We will be demonstrating using scikit-learn 0.17 on Python 3.5. Our demonstrations will be in a Jupyter notebook. Here are two ways to install these packages. Note that older versions may work, but they have not been tested.
Installing a numerical stack for Python is getting easier all the time, but can still be tricky. We give two recipes below, firstly for pip in a virtual environment and secondly using the Conda package manager.
# Setup a virtual env
/path/to/python3 -m venv ml_tutorial
source ml_tutorial/bin/activate
# Upgrade pip to newest version
python -m pip install --upgrade pip
# Install the dependencies
python -m pip install numpy scipy scikit-learn
Note the pip upgrade is necessary so Linux distributions will use precompiled wheels (see the manylinux project for details). With a pip version older than 8.1 numpy and scikit-learn will be installed from source*.
- We really don't recommend this.
The Anaconda distribution of Python (located here). includes everything we need in the default installation. You can also create a specific environment for this tutorial following the instructions below.
An alternative is Miniconda, or installing the Conda package manager through pip, but you will need to create an environment following the instructions below.
# After installing conda or miniconda
conda create -n ml_tutorial python=3.5 scikit-learn
source activate ml_tutorial
# Activate the Conda environment on Windows:
activate ml_tutorial
The workshop demonstrations will use the Jupyter notebook and Matplotlib for a few plots. If you'd like to work in exactly the same environment you can install these libraries with the below instructions. Note that these are big libraries with many dependencies and we don't recommend trying to set them up on the day using conference wifi.

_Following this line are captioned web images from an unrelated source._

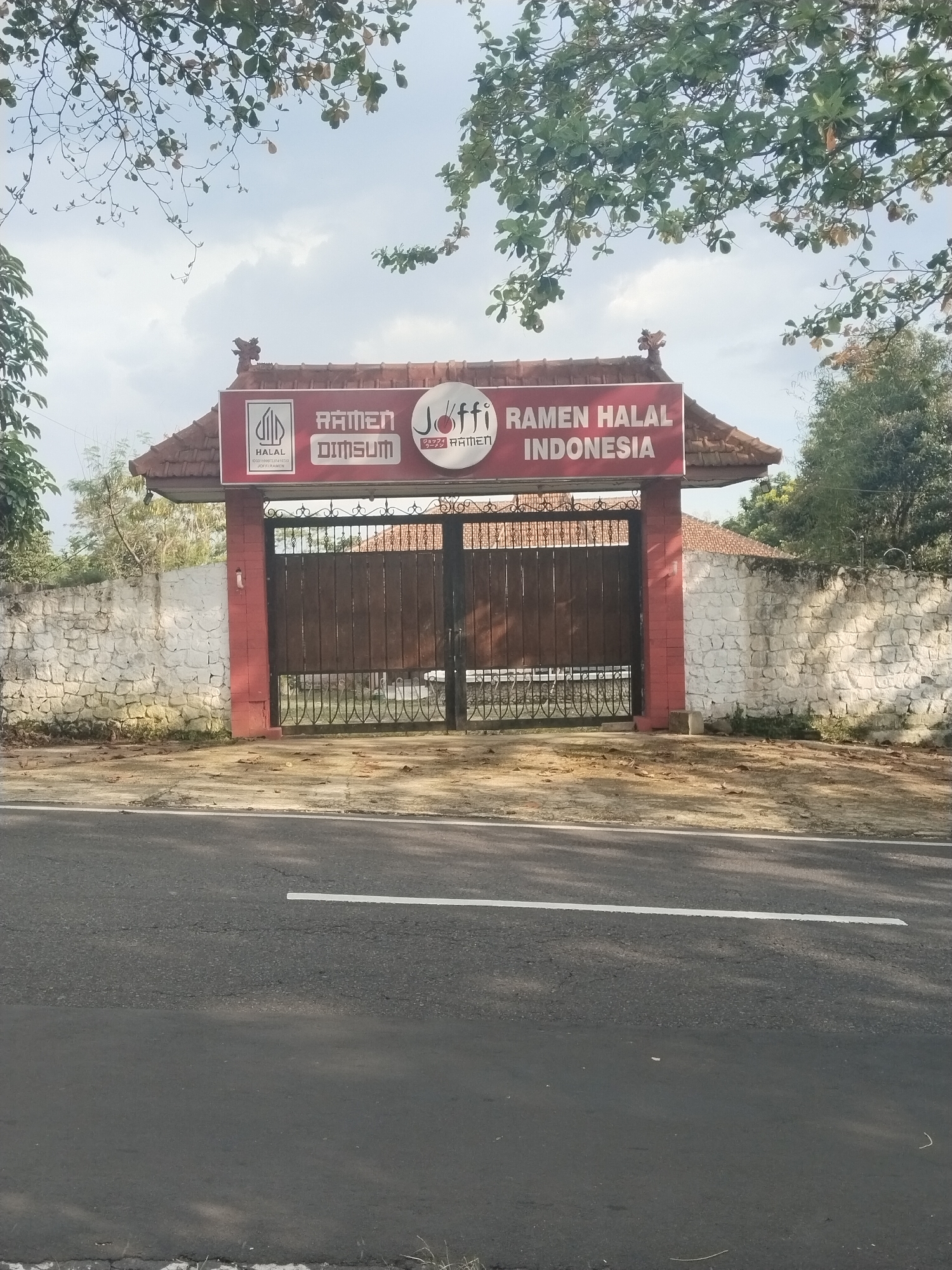The image presents the entrance to a business, identified as a "Ramen Halal Indonesia" establishment, located by an asphalt road in Karangpandan, Indonesia. The main subject is a large gate structure, featuring a red-tiled roof with traditional Indonesian architectural details on its peak. A prominent red rectangular sign is affixed to the front of this gate, above a set of closed, dark brown double gates.
The sign displays several pieces of text and logos. On the left, a white "HALAL" logo is visible, accompanied by smaller text beneath it that reads "01311099270723 JOFFI RAMEN". To its right, "RAMEN DIMSUM" is written in white capital letters. Centrally on the sign, a circular white logo features the brand name "Joffi RAMEN", with Japanese characters above it. The far right section of the sign boldly declares "RAMEN HALAL INDONESIA" in white capital letters.
Flanking the gate are low, rough-hewn stone walls painted white, suggesting a boundary or enclosure. Beyond these walls, various trees and foliage are visible. In the foreground, an asphalt road stretches across the width of the image, featuring a white line marking a lane boundary. The ground directly in front of the gate and walls is unpaved, covered with dry leaves and soil. Overhead, branches with green leaves from large trees partially frame the sky, which appears bright and overcast. No people or vehicles are present, and no specific activity is taking place. The scene depicts a static view under daylight conditions, with diffused lighting and soft shadows.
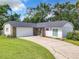 White house with a stone facade, a two-car garage, and a well-maintained lawn at 3130 Willow Oak Dr, Edgewater, FL 32141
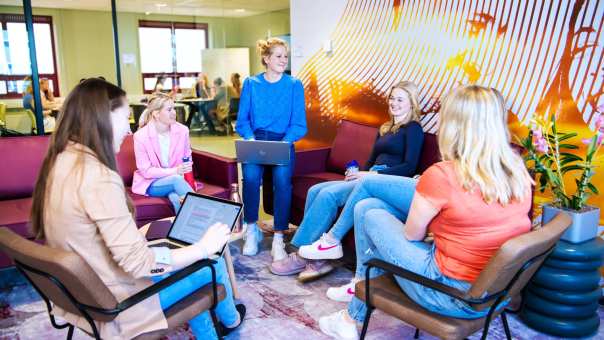 Groep studenten samen aan het werk in studieruimte met laptop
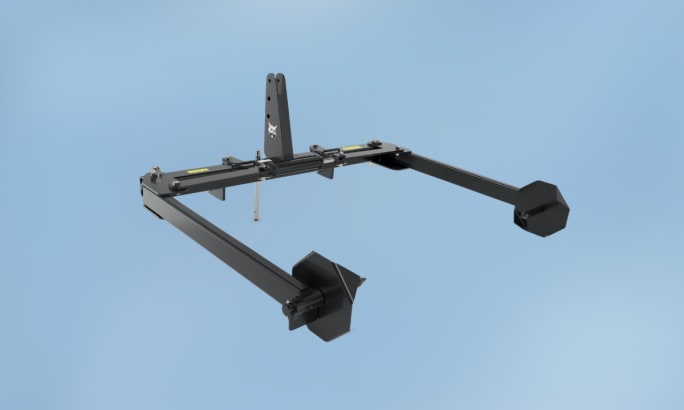 Bobcat bale unroller attachment for lifting and unrolling large round hay bales.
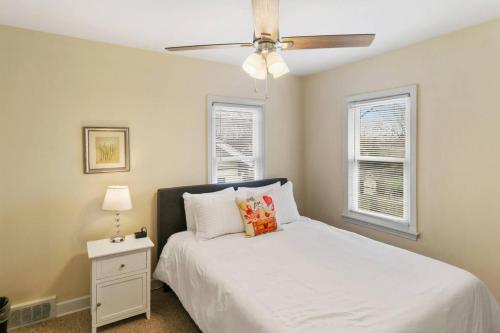 a bedroom with a white bed and a ceiling fan at Downtown Libertyville Duplex Near Naval Base in Libertyville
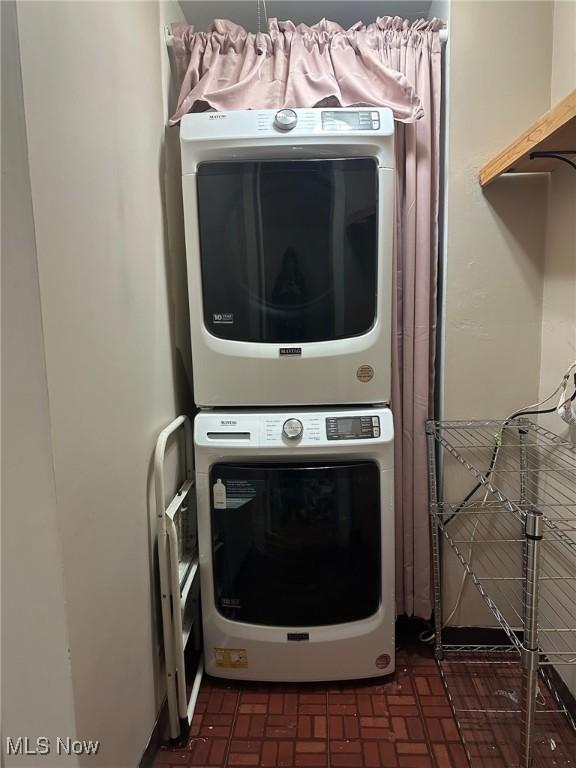 laundry room with stacked washer and dryer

# Using pip, in the appropriate virtual environment:
pip install jupyter matplotlib
# Inside a Conda environment (these are already installed in the base distribution)
conda install jupyter matplotlib
The workshop dataset is located here. For the convenience of this workshop it is distributed as a preprocessed set of numpy arrays that we can load directly.
If the following works you are ready for this workshop.
import numpy as np
import sklearn
dataset = np.load('path/to/data.npz')
images = dataset['images']
labels = dataset['labels']